Go through the entries and say how many lines contain the string "from". The number is the whole answer.

+ + + + + + +

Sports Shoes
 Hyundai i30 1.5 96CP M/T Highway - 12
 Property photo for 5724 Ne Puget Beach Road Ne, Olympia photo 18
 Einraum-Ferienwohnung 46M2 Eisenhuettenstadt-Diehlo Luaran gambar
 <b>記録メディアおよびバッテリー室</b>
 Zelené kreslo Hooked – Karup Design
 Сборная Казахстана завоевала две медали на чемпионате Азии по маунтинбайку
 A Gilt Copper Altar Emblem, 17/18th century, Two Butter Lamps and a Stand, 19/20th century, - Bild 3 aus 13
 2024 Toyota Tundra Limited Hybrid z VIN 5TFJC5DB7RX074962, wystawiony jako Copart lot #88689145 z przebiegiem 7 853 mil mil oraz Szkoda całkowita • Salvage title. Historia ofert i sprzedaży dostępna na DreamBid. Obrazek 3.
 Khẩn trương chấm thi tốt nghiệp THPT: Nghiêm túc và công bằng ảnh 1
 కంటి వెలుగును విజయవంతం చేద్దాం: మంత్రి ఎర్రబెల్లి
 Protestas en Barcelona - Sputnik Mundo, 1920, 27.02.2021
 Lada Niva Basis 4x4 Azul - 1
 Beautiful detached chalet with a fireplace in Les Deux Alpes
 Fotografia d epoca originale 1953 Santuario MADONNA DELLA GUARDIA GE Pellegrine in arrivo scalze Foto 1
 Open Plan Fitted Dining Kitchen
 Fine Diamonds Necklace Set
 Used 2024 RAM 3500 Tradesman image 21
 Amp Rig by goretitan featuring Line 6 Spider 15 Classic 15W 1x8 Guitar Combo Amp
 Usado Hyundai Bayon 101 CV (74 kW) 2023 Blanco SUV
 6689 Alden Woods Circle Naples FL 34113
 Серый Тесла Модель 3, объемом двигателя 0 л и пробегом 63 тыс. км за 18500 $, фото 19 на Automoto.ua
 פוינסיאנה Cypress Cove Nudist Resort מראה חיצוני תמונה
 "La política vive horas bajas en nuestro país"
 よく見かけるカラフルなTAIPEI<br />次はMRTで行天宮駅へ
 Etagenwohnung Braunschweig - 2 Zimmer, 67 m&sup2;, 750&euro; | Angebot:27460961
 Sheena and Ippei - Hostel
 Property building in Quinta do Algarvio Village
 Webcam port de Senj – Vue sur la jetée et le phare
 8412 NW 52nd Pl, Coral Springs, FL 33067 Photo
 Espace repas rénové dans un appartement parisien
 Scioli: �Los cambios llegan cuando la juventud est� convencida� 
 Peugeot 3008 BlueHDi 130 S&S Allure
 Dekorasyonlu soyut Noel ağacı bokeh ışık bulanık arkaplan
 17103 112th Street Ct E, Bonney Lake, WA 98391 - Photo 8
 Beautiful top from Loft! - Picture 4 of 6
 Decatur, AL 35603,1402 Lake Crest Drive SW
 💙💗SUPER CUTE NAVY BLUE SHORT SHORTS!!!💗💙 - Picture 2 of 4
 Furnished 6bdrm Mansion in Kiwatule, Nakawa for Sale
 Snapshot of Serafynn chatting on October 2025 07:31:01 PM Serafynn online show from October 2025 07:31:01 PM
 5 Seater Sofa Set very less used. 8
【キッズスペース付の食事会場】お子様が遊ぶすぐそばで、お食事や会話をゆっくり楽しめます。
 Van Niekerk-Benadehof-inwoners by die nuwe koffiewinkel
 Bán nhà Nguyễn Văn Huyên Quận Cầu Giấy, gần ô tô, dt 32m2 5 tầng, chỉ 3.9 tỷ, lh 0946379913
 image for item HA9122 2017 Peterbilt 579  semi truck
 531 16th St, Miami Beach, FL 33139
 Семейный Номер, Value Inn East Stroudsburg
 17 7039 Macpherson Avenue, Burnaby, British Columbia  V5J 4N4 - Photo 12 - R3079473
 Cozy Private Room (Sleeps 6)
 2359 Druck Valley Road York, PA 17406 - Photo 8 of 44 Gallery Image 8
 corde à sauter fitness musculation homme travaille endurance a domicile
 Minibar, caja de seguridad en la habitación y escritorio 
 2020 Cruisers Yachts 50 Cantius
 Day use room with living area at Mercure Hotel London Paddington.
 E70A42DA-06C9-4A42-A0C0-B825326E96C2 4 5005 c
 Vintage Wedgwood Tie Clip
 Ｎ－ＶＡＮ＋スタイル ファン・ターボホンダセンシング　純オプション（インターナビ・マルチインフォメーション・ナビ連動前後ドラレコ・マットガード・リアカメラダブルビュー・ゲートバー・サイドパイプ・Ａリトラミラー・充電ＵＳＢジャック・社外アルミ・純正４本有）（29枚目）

+ + + + + + +

Output: 2